> _Available data_:
*** Block opens ***

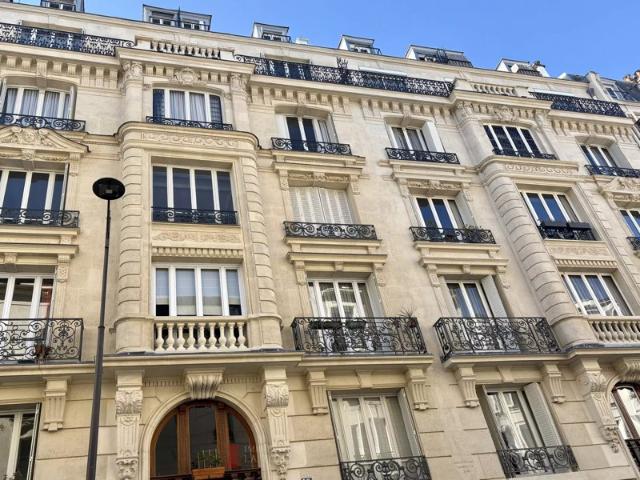 PARIS XVII TERNES / BAYEN 4/5 pièces 110 m2 carrez 2/3 chambres 5ème étage ascenseur A rénover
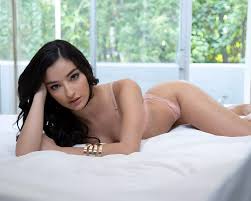 Emily Willis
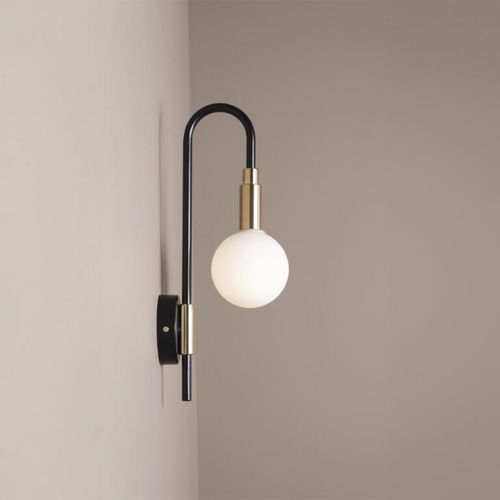 Arandela contemporânea - GLOBOS - Daniel Gallo - para ambiente interno / em latão / em vidro opalino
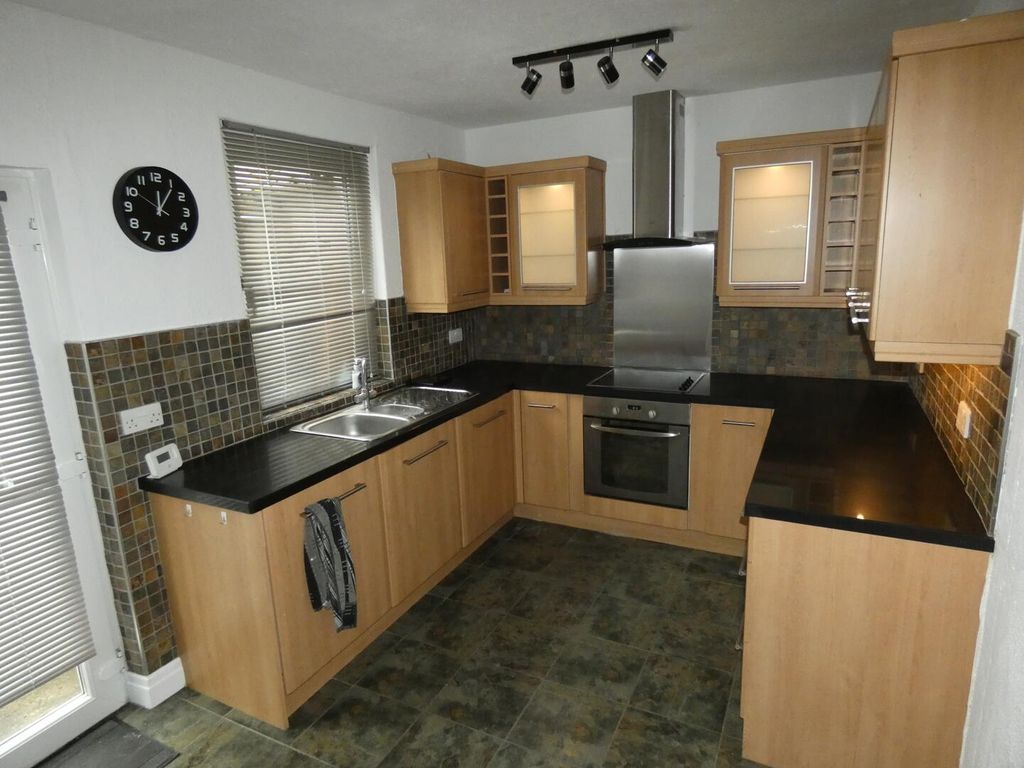 Property photo 2 of 7 Kitchen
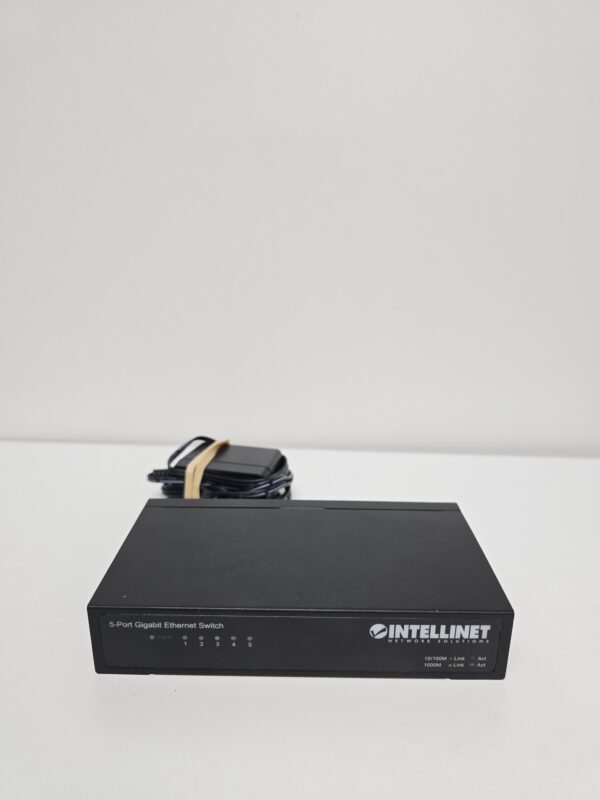 D-Link DES 1105 Desktop Switch - Switch - Image 4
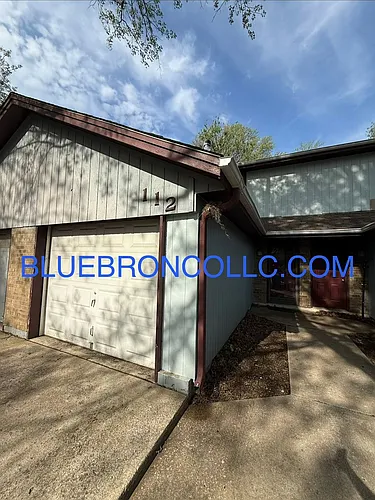 112 SW Oxford Pl Photo 1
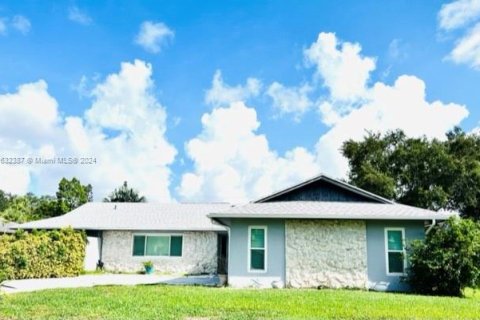 House in Port St. Lucie, Florida 3 bedrooms, 149.94 sq.m. № 1293460 - photo 3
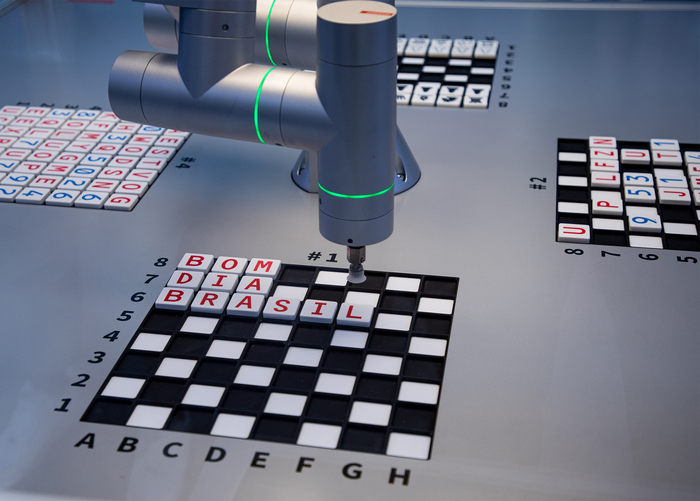 pr212026_Beckhoff_Hannover_Messe_Chancellor's_visit_02_web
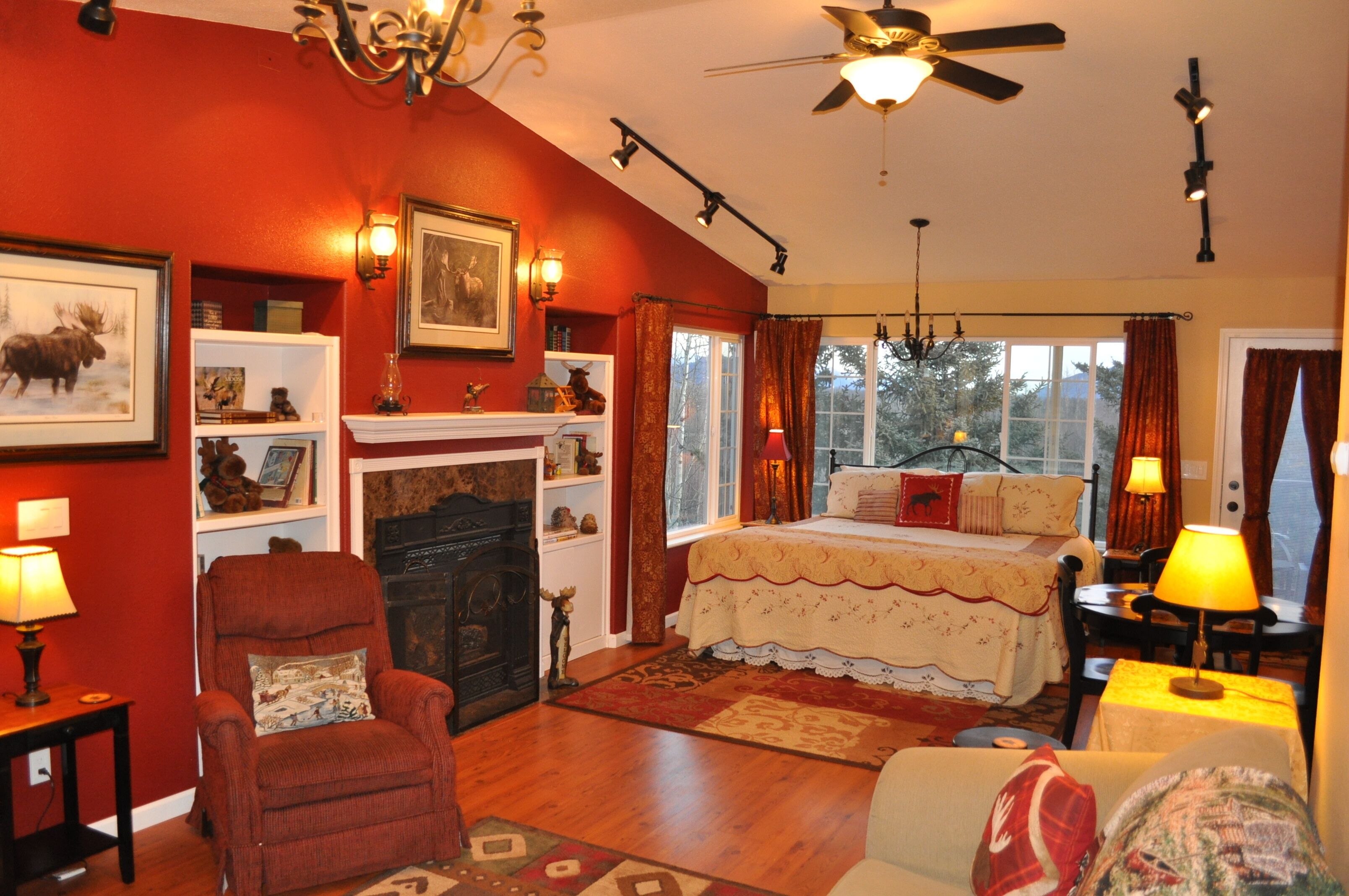 3 Rustic Elegant Suites (Sleep 12+) - Fish, Hike, Site-see From Your Doorstep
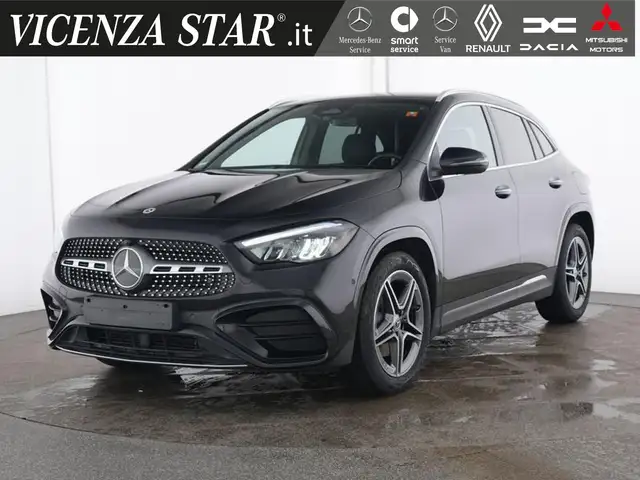Mercedes-Benz GLA 180 MHV AMG PREMIUM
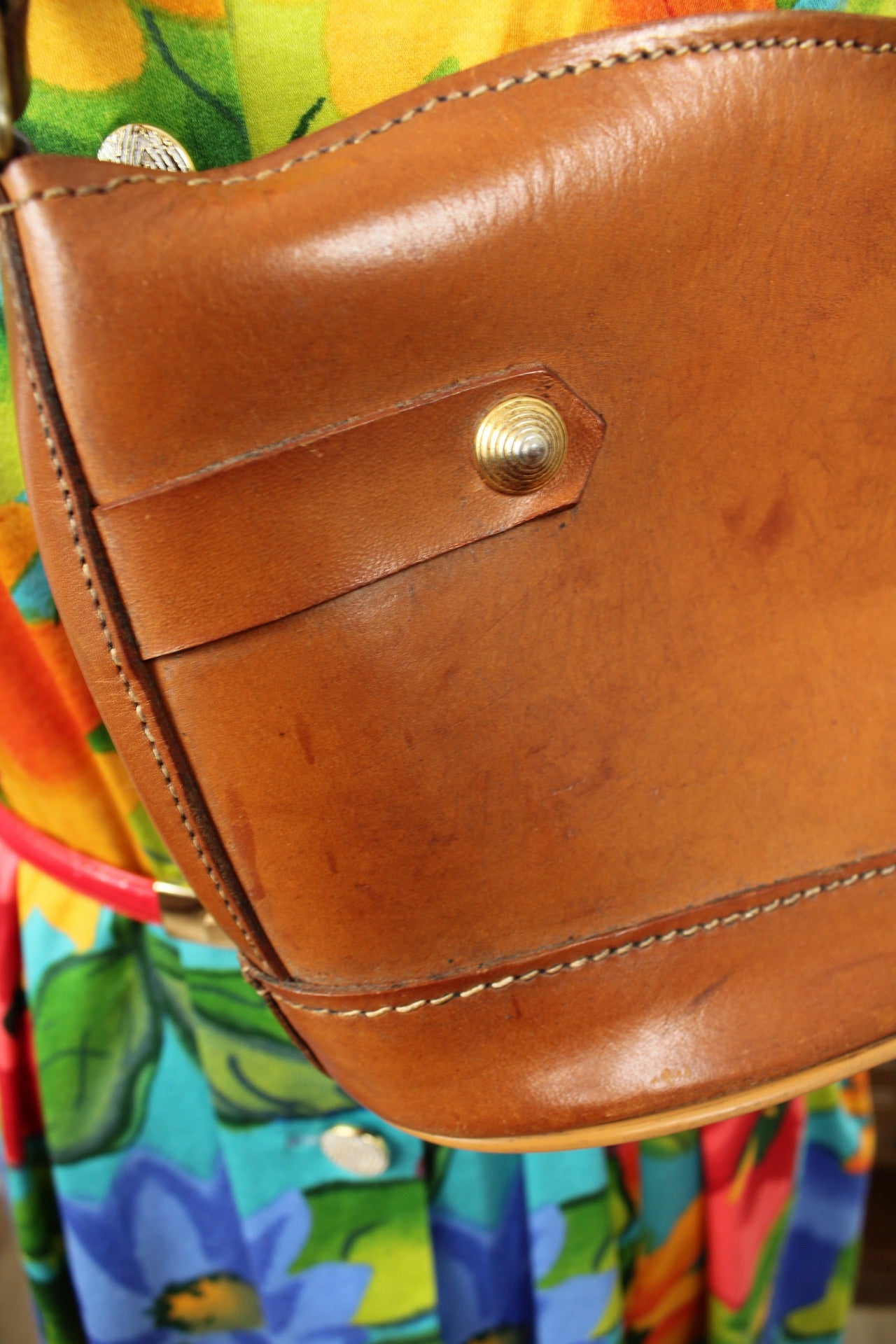 🌸🍒Sac bandoulière vintage 70's en cuir lisse cognac 🍒🌸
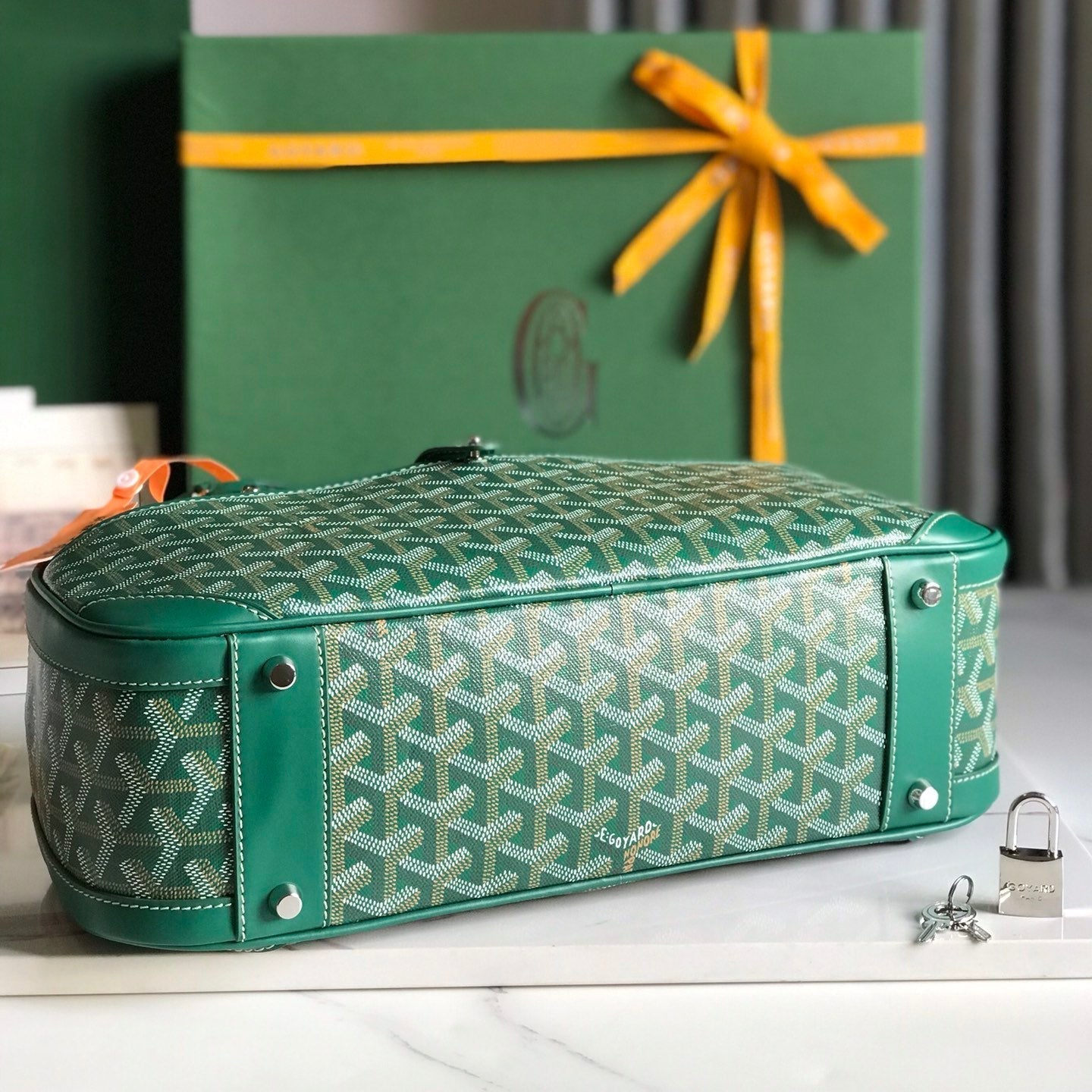 BOLSO SAINT JEANNE 35 EN LONA GOYARDINE VERDE Y PIEL DE BECERRO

*** Block closes ***

> _What is required_: With the pictures left out, give again exactly the lines from the one that contains "Arandela contemporânea - GLOBOS" through the final line of the data above.

> _Written answer_:
 Arandela contemporânea - GLOBOS - Daniel Gallo - para ambiente interno / em latão / em vidro opalino
 Property photo 2 of 7 Kitchen
 D-Link DES 1105 Desktop Switch - Switch - Image 4
 112 SW Oxford Pl Photo 1
 House in Port St. Lucie, Florida 3 bedrooms, 149.94 sq.m. № 1293460 - photo 3
 pr212026_Beckhoff_Hannover_Messe_Chancellor's_visit_02_web
 3 Rustic Elegant Suites (Sleep 12+) - Fish, Hike, Site-see From Your Doorstep
Mercedes-Benz GLA 180 MHV AMG PREMIUM
 🌸🍒Sac bandoulière vintage 70's en cuir lisse cognac 🍒🌸
 BOLSO SAINT JEANNE 35 EN LONA GOYARDINE VERDE Y PIEL DE BECERRO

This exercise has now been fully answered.